● **What you are asked to do**:
Restate word for word only the lines from the one with "Welcome to your" through the end of the records; no pictures belong in the copy.

● **Exercise inputs**:
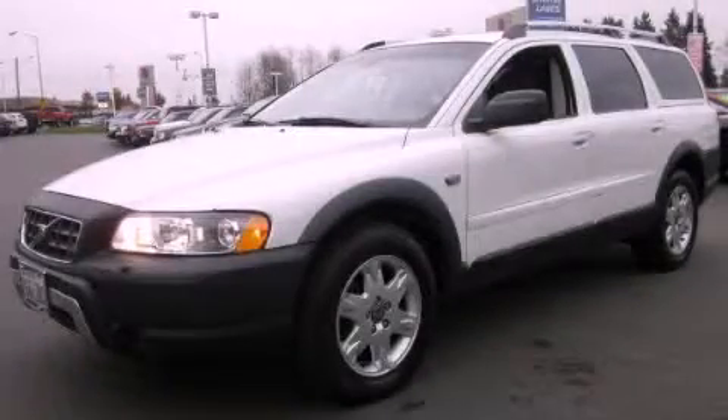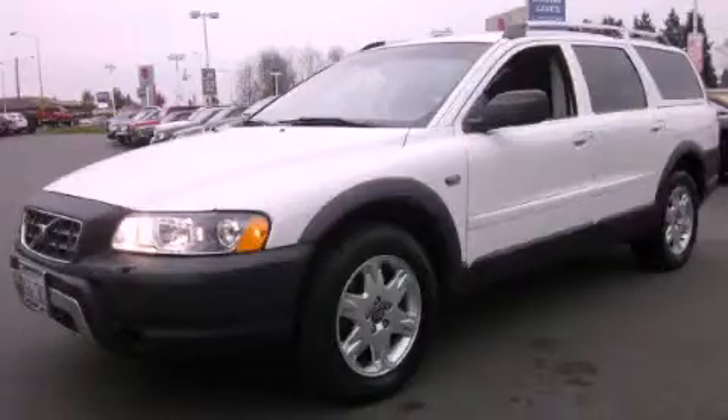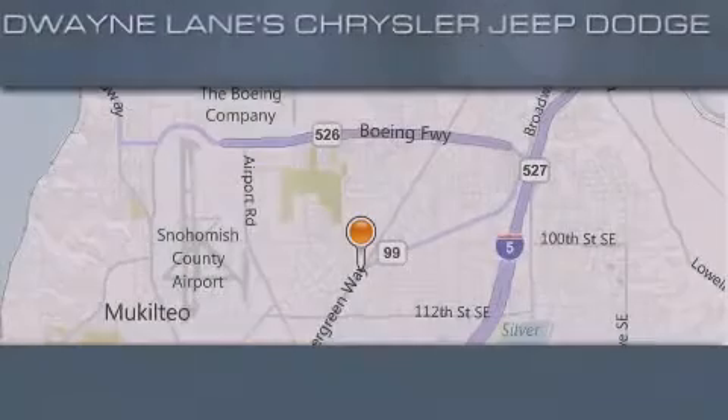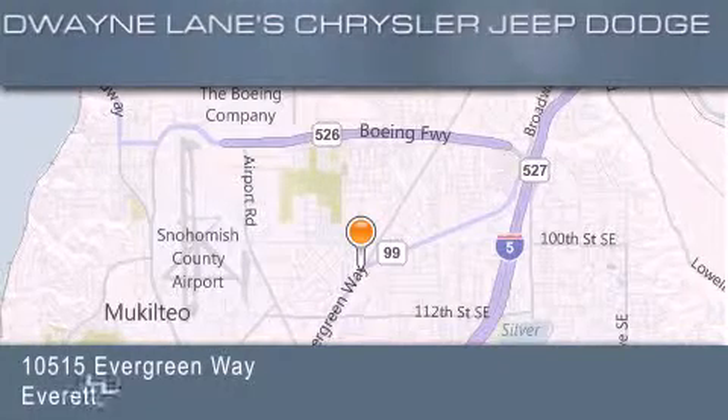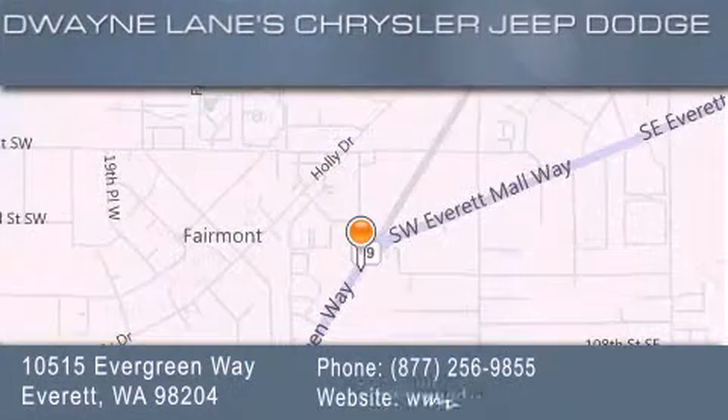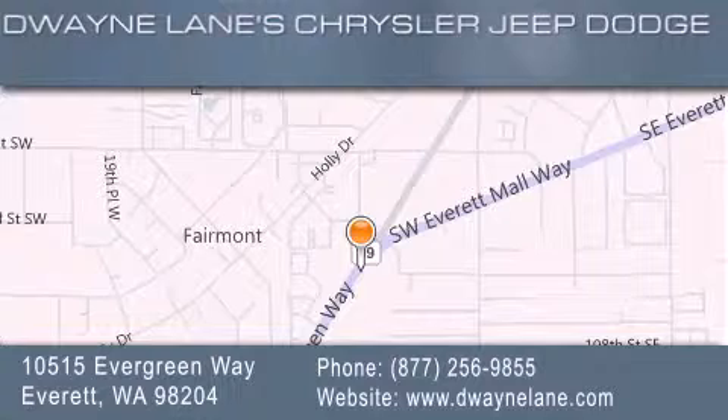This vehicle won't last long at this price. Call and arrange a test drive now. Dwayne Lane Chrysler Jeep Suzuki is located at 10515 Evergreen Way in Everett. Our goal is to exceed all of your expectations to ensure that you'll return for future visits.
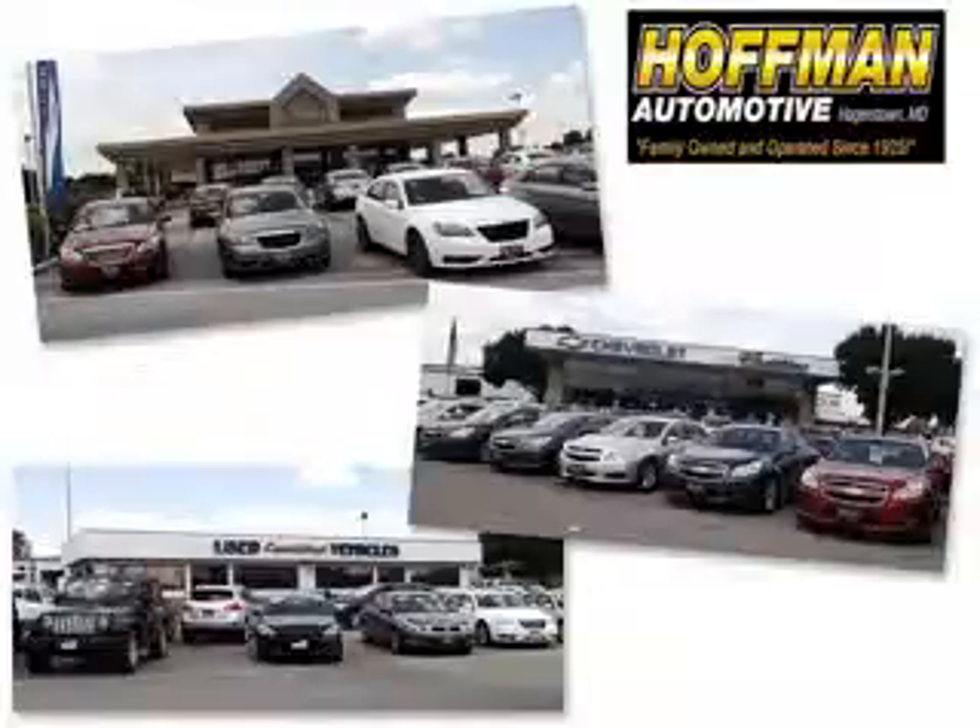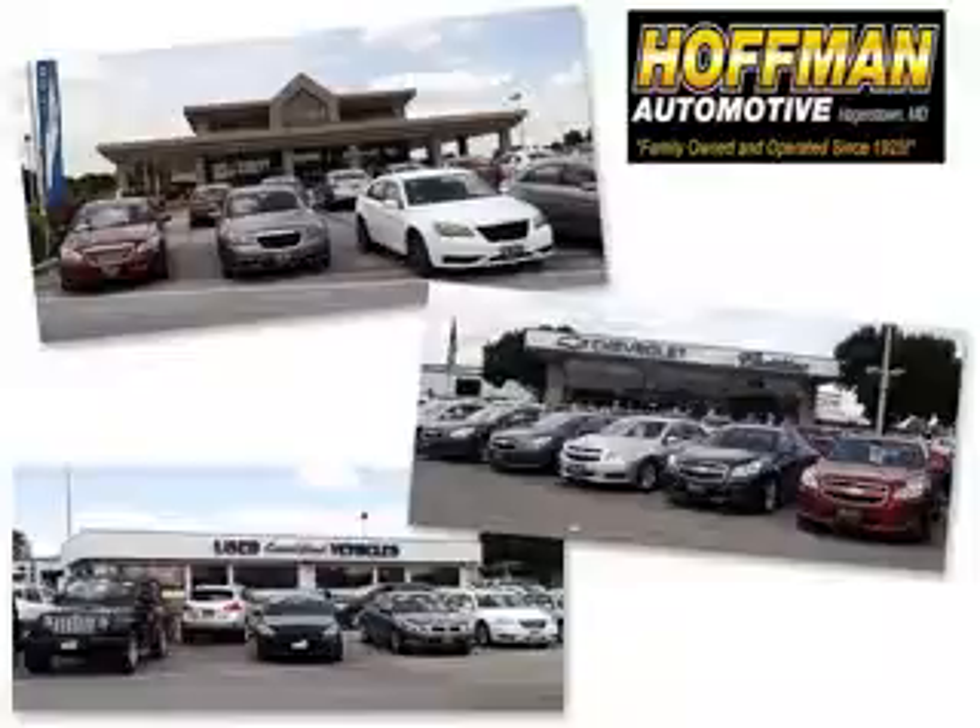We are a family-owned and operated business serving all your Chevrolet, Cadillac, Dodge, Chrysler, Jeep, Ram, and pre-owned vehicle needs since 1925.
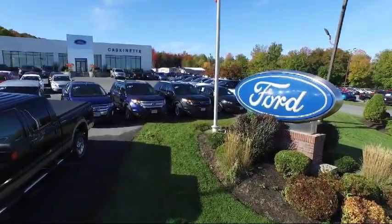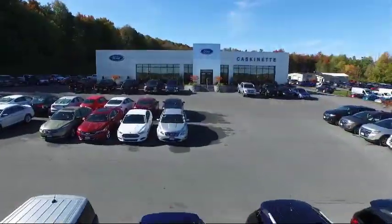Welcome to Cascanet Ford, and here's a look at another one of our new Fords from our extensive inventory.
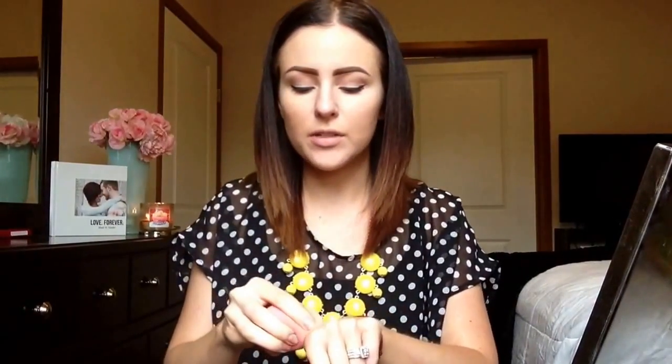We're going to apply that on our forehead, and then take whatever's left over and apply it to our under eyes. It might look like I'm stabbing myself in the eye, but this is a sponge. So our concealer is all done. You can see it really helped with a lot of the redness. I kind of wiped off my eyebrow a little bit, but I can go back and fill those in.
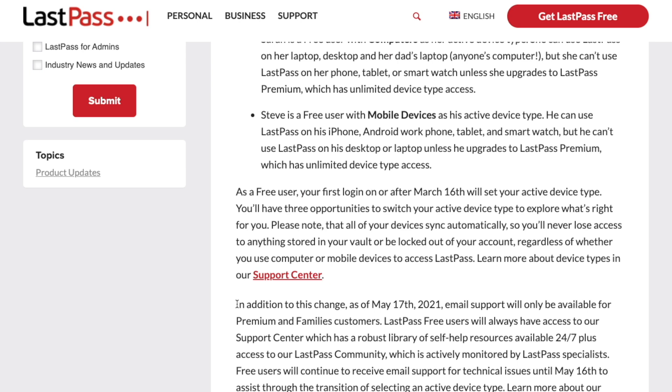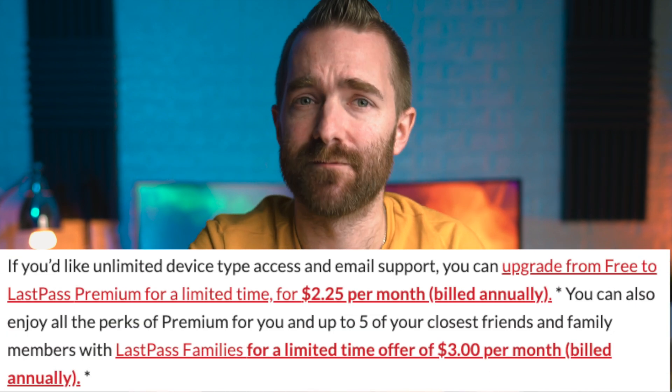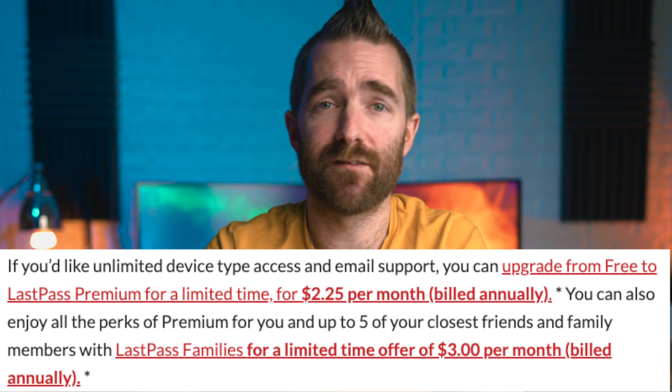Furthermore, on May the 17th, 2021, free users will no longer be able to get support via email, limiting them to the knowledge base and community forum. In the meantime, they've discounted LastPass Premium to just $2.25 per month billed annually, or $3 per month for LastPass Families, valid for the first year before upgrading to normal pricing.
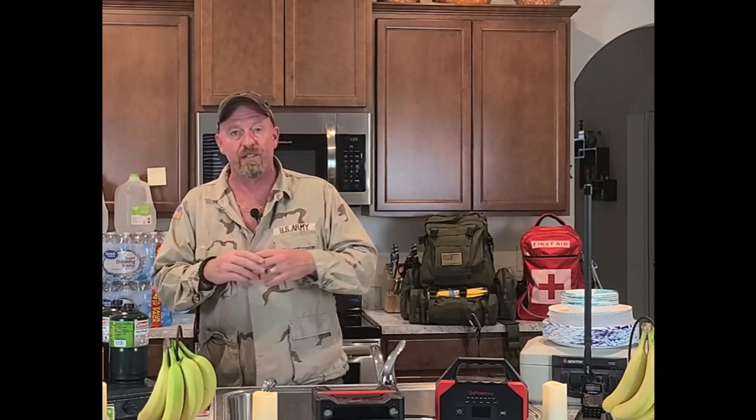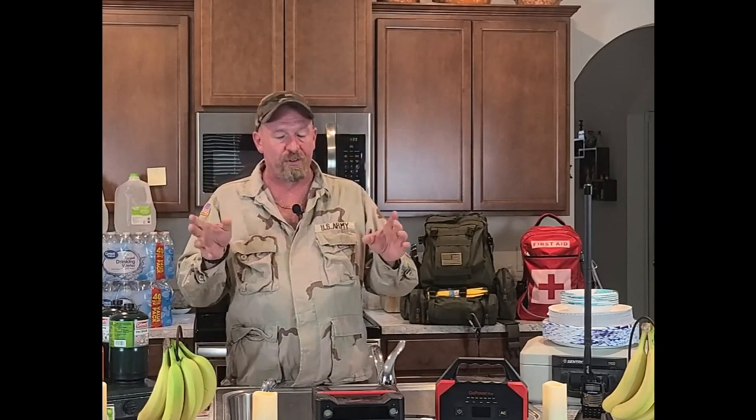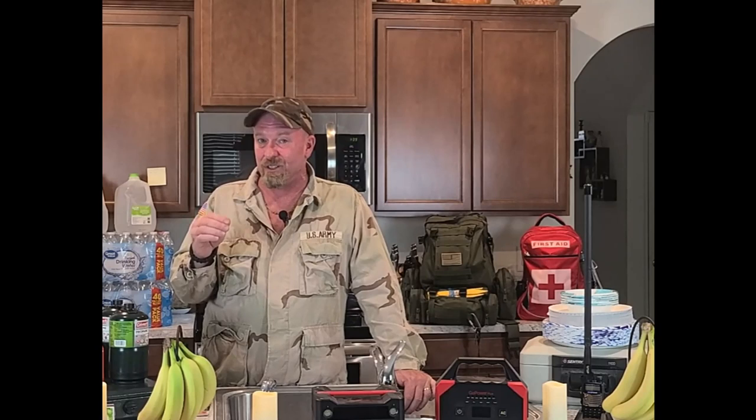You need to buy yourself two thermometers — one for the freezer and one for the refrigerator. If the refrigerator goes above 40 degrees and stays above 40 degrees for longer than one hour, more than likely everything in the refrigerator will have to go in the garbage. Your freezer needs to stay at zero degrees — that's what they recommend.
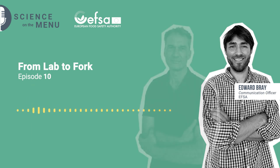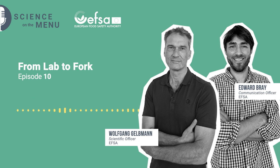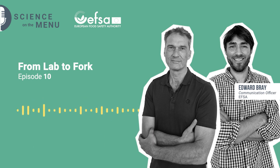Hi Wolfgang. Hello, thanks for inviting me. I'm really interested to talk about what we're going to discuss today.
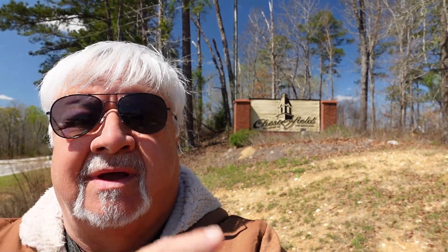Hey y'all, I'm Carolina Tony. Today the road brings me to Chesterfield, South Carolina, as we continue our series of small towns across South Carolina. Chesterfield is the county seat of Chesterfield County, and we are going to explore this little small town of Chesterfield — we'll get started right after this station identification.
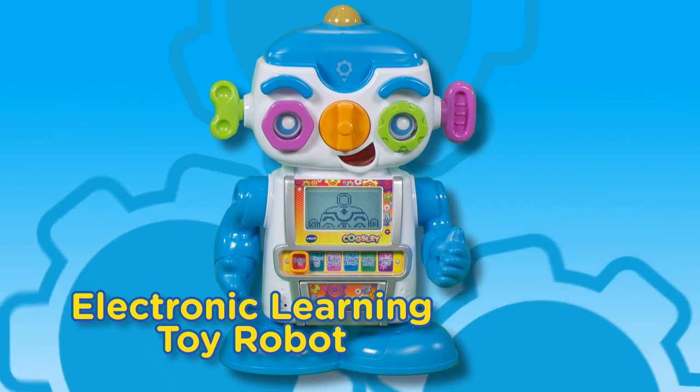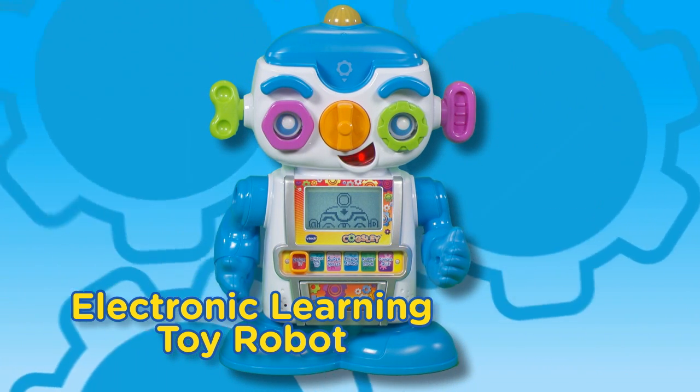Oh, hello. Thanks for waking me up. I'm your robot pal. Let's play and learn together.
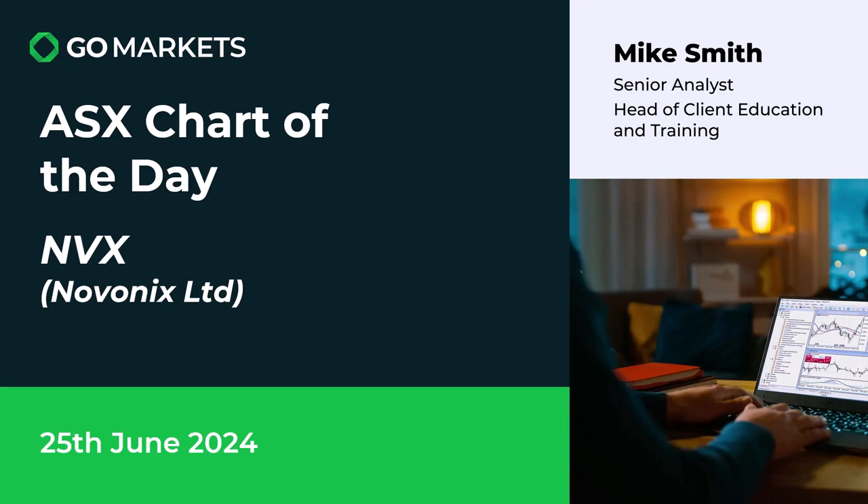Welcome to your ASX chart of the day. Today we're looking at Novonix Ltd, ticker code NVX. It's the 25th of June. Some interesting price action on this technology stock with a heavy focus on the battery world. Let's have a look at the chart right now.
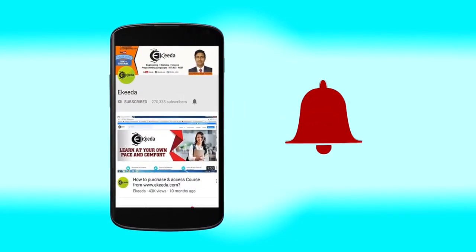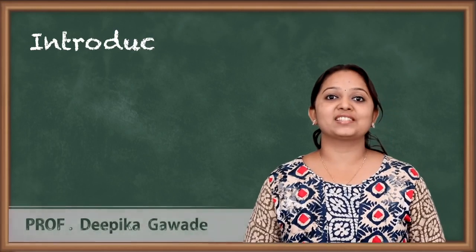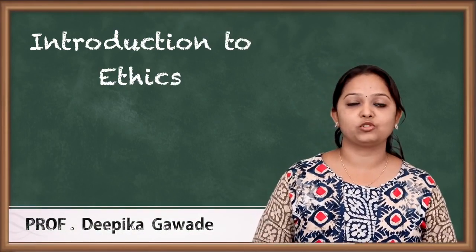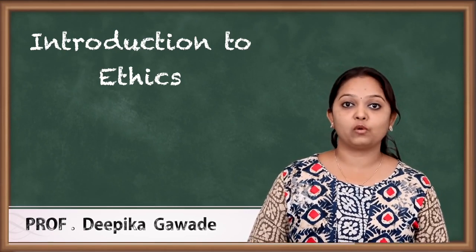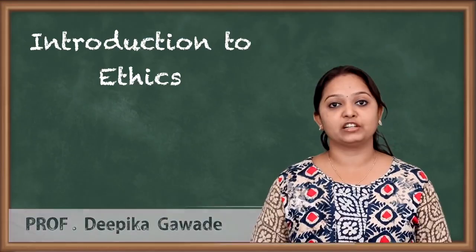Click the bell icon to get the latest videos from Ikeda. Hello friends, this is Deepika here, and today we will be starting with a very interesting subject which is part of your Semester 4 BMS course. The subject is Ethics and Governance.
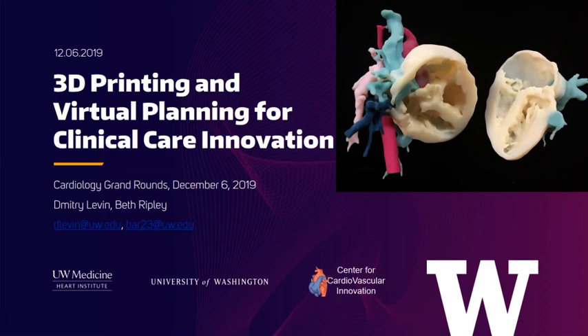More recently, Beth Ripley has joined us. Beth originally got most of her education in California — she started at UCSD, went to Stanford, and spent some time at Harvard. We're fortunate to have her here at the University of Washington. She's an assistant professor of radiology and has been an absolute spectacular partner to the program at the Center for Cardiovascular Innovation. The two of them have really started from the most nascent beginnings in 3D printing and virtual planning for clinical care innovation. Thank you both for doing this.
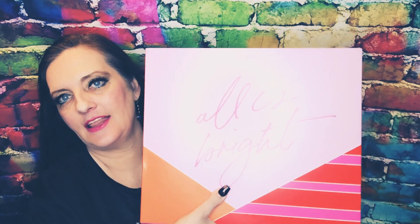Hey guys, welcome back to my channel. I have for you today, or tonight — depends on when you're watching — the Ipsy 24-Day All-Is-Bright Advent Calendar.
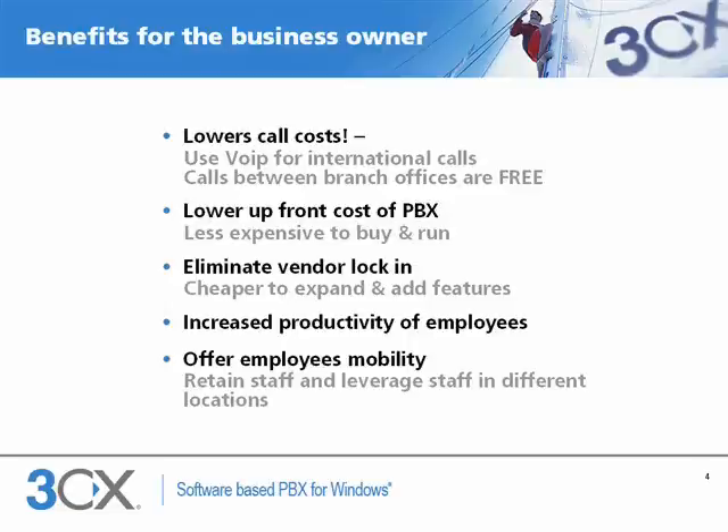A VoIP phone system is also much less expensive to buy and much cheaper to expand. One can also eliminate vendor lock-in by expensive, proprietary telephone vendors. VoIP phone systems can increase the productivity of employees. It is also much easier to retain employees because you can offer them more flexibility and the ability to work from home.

● **Answer box**:
Welcome to your ASX chart of the day. Today we're looking at Novonix Ltd, ticker code NVX. It's the 25th of June. Some interesting price action on this technology stock with a heavy focus on the battery world. Let's have a look at the chart right now.
Click the bell icon to get the latest videos from Ikeda. Hello friends, this is Deepika here, and today we will be starting with a very interesting subject which is part of your Semester 4 BMS course. The subject is Ethics and Governance.
More recently, Beth Ripley has joined us. Beth originally got most of her education in California — she started at UCSD, went to Stanford, and spent some time at Harvard. We're fortunate to have her here at the University of Washington. She's an assistant professor of radiology and has been an absolute spectacular partner to the program at the Center for Cardiovascular Innovation. The two of them have really started from the most nascent beginnings in 3D printing and virtual planning for clinical care innovation. Thank you both for doing this.
Hey guys, welcome back to my channel. I have for you today, or tonight — depends on when you're watching — the Ipsy 24-Day All-Is-Bright Advent Calendar.
A VoIP phone system is also much less expensive to buy and much cheaper to expand. One can also eliminate vendor lock-in by expensive, proprietary telephone vendors. VoIP phone systems can increase the productivity of employees. It is also much easier to retain employees because you can offer them more flexibility and the ability to work from home.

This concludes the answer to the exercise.